Too much outside the box - Outliers and Boxplots
Keywords: boxplots, outlier, data analysis
In a recent commentary due out in Marine Biology soon (hopefully) I argue against the use of boxplots as a method of outlier detection. Also seems that boxplots are very popular with people having strong opinons …
Before we get too into the weeds lets present the classical definition of what an outlier is, here I use Gotelli and Ellison (2013) but across statistical literature outliers are generally defined/described similarly.
“…extreme data points that are not characteristic of the distribution they were sampled…” (Gotelli and Ellison 2013).
What would a classic example of this definition look like in “real data” (below is generated data…technically not real data)?
Here is how the data was generated for demonstration purposes
Clearly, based on the example above it seems like the red point in the plot to the left looks like it doesn’t really belong. A quick density plot of the data with and without the point (use
plot(density(...))) gives you a sense of if the extreme data point is outside of the data distribution. The plot to the right demonstrates the data distribution and mean (dashed) without the extreme value relative to the extreme value (red line).
The next step to really determine if its an outlier would be to conduct an outlier test on your data. Outliers in data can distort the data distribution, affect predictions (if used in a model) and affect the overall accuracy of estimates if they are not detected and handled, especially in bi-variate analysis (such as linear modeling). Most of the information you will see on the internet and in some textbooks is that boxplots are good way to identify outliers. I fully endorse using boxplots as a first looks at the data, just to get a sense of things as they were intended by Tukey (1977). Thats right Dr. John W Tukey was the mastermind behind the boxplot…you may remember him from such statistical analyses as Tukey’s range test/HSD or Tukey lambda distribution.
Overall, boxplots are extremely helpful in quickly visualization of the central tendency and spread of the data. Don’t confuse the central tendency and spread for mean and standard deviation, as these values are not usually displayed in boxplots.
At its root, boxplots providing no information on the underlying data distribution and provide a somewhat arbitrary detection of extreme values especially for non-normal data distributions (Kampstra 2008; Krzywinski and Altman 2014). Extreme values are identified using a univariate boxplot simply identifies values that fall outside of 1.5 time the inter-quartile range (IQR) of the first or third quartile (Tukey 1977). As discussed above, outliers are extreme values outside the distribution of the data. Since IQR (i.e. median, 25th quantile, 75th quantile, etc.) calculations are distributionless calculations, values outside the IQR therefore are not based on any distribution. Below are four examples of data pulled from different distributions with a mean of zero (\(\mu = 0\)) and standard deviation of one (\(\sigma = 1\)). In these cases, especially for normally and skewed normal distributions, median, 25th quantile and 75th quantile values do not differ greatly, but the number of outliers do differ.

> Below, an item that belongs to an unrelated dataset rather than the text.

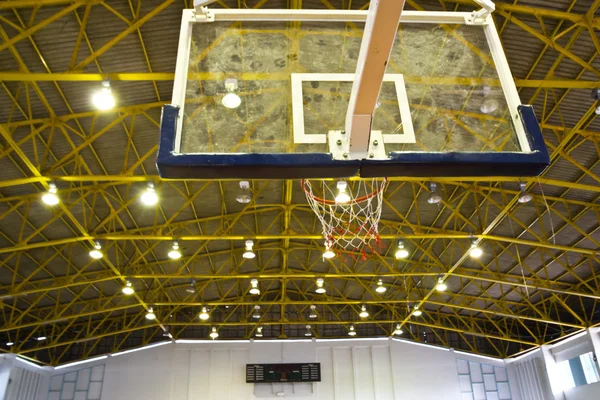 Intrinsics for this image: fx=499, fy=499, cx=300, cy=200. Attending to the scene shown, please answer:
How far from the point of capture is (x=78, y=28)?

The boxplot examples above show the span of over 10,000 values pulled from uniform, normal and skewed normal distribtuions. A directly obvious observations is that the uniform distribition does not generate any extreme values while the others generate some depending on the skewness of the distributions. Kampstra (2008) suggests that even for normal distributions the number of extreme values identified will increase concurrently with sample size. This is demonstrated below where as sample size increases, the number of extreme values identified also increases. Furthermore, as sample size increases the IQR estimates narrows which you would expect given the central limit theorem. This sample size dependance ultimately makes individual “outlier” detection problematic.
Bottom line, a boxplot is not a suitable outlier detection test but rather an exploratory data analysis to understand the data. While boxplots do identify extreme values, these extreme values are not truely outliers, they are just values that outside a distribution-less metric on the near extremes of the IQR. Outlier tests such as the Grubbs test, Cochran test or even the Dixon test all can be used to idenify outliers. These tests and more can be found in the
R package. Outlier identification and culling is a tricky situtation and requires a strong and rigirous justification and validation that data points identified as an outlier is truely an outlier otherwise you can run afoul of type I and/or type II errors.

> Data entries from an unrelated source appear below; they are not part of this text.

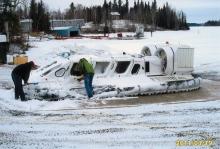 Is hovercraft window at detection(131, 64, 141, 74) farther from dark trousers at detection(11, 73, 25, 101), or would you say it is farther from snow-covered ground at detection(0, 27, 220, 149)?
dark trousers at detection(11, 73, 25, 101)

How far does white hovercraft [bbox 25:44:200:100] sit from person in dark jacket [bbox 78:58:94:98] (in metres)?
0.26

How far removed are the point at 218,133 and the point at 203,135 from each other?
1.36 ft

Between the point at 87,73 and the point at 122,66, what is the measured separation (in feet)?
Answer: 6.87

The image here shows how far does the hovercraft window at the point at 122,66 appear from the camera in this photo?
17109 millimetres

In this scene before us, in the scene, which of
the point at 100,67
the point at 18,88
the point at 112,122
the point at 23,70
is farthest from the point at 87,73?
the point at 112,122

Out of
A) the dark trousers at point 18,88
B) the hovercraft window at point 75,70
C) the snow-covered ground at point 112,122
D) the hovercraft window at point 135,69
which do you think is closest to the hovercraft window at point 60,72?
the hovercraft window at point 75,70

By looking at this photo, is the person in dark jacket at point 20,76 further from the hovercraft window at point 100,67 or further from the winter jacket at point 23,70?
the hovercraft window at point 100,67

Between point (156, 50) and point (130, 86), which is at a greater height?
point (156, 50)

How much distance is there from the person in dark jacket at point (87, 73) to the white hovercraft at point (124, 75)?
26cm

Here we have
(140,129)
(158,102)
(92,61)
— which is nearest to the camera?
(140,129)

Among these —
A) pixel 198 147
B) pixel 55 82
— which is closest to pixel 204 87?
pixel 55 82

Gotelli, Nicholas J., and Aaron M. Ellison. 2013. A Primer of Ecological Statistics. Sunderland, MA: Sinauer Associates, Inc.
Kampstra, Peter. 2008. “Beanplot: A Boxplot Alternative for Visual Comparison of Distributions.” Journal of Statistical Software 28 (Code Snippet 1). https://doi.org/10.18637/jss.v028.c01.
Krzywinski, Martin, and Naomi Altman. 2014. “Visualizing Samples with Box Plots.” Nature Methods 11 (2): 119–20. https://doi.org/10.1038/nmeth.2813.
Tukey, John Wilder. 1977. “Exploratory Data Analysis.” In Statistics and Public Policy, edited by Frederick Mosteller, 1st ed. Addison-Wesley Series in Behavioral Science. Quantitative Methods. Addison-Wesley.